* **Data provided**
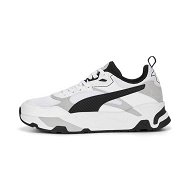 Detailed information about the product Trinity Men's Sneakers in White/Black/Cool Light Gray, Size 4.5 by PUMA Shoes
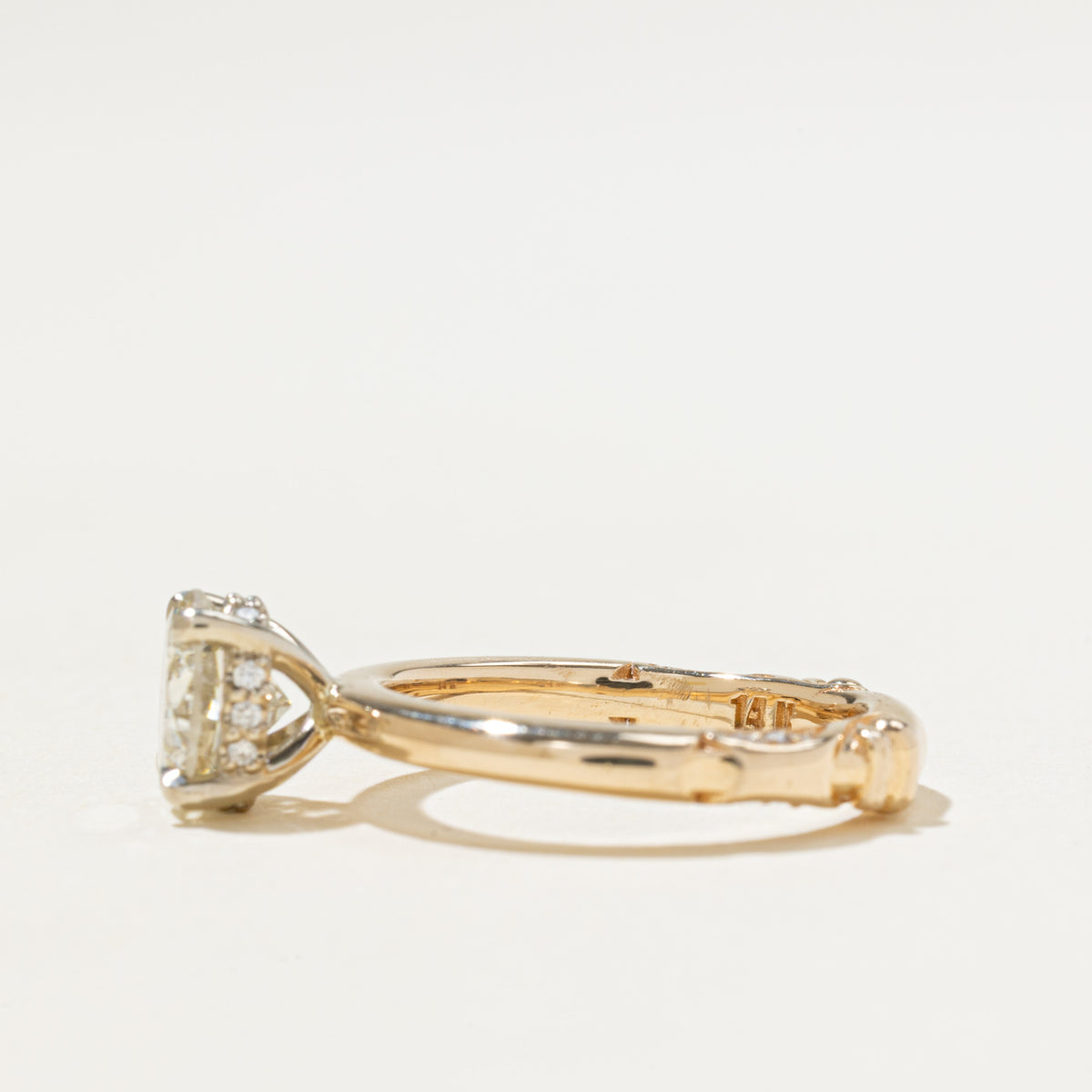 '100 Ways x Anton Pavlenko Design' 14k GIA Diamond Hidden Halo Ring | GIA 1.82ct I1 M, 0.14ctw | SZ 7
...
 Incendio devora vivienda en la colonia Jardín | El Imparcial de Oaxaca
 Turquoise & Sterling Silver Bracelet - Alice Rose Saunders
==
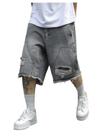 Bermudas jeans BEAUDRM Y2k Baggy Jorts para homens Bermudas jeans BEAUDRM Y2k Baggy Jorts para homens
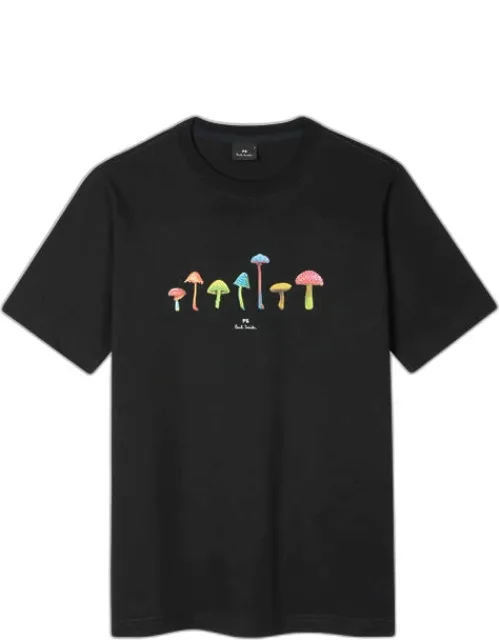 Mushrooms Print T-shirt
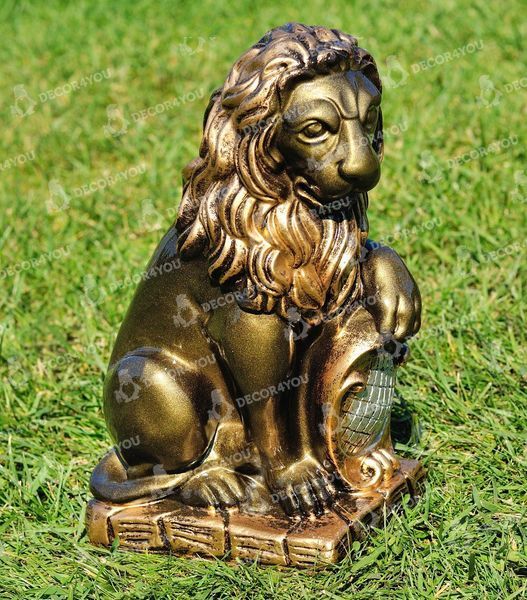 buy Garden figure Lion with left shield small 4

* **Description of the task**
Find where the line with "Bermudas jeans BEAUDRM Y2k Baggy Jorts para homens Bermudas" sits in the material above and where the line with "buy Garden figure" sits. Set down exactly the lines from the first to the second, both included and nothing else, without pictures.

* **Response to the task**
 Bermudas jeans BEAUDRM Y2k Baggy Jorts para homens Bermudas jeans BEAUDRM Y2k Baggy Jorts para homens
 Mushrooms Print T-shirt
 buy Garden figure Lion with left shield small 4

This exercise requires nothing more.